00035: Internationalized page names work even worse

Summary: Internationalized page names work even worse
Created: 2004-09-09 08:57
Status: Closed - fixed for 2.0.beta8
Category: Bug
From: Zverik
Priority: 35
Version: all versions
OS: -

Description: Consider the following link: Библиотека

I think, it links somewhere... Unusual.

And it looks like you'll make such changes to 1.0.9 version too. Or is it normal behaviour?

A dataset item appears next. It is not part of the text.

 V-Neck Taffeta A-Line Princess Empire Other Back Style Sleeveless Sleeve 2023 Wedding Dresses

I'm having a little problem with redirection to pages with Russian names (in charset windows-1251). I've written translation module, and eveything looks good, but when a browser is redirected using 'Location: $pageurl' header, sometimes several last chars from page name disappear. For example (in transliteration), 'Biblioteka' redirects to 'Biblioteka/Biblioteka', but finally presents a page 'Biblioteka/Bibl'. For now I'm placing in those stripped pages redirect tags to correct ones, as I couldn't find a solution to this problem, but may be you could?

Thanx, Zverik

Ouch. This is being caused by the substitution of html character entities before the links are being processed, and the resulting characters are being treated as a valid pagenames. It will take me a bit to figure out what to do in this case.

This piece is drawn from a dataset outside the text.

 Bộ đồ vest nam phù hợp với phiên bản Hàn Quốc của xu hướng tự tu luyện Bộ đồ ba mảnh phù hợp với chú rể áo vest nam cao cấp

As far as dealing with pages with Russian names, it's hard to validate/test it here because these pages are in charset iso-8859-1, which has different encoding and classification rules than windows-1251. I'll set up some windows-1251 pages on this site and we can experiment with it a bit. --Pm

As for windows-1251, I've already made some files to support that codepage for pmwiki 1.0.8, so I can upload them to you to replace existing iso-8859-5 structure on the PmWiki site (because that ISO codepage is not as spread as 1251 here).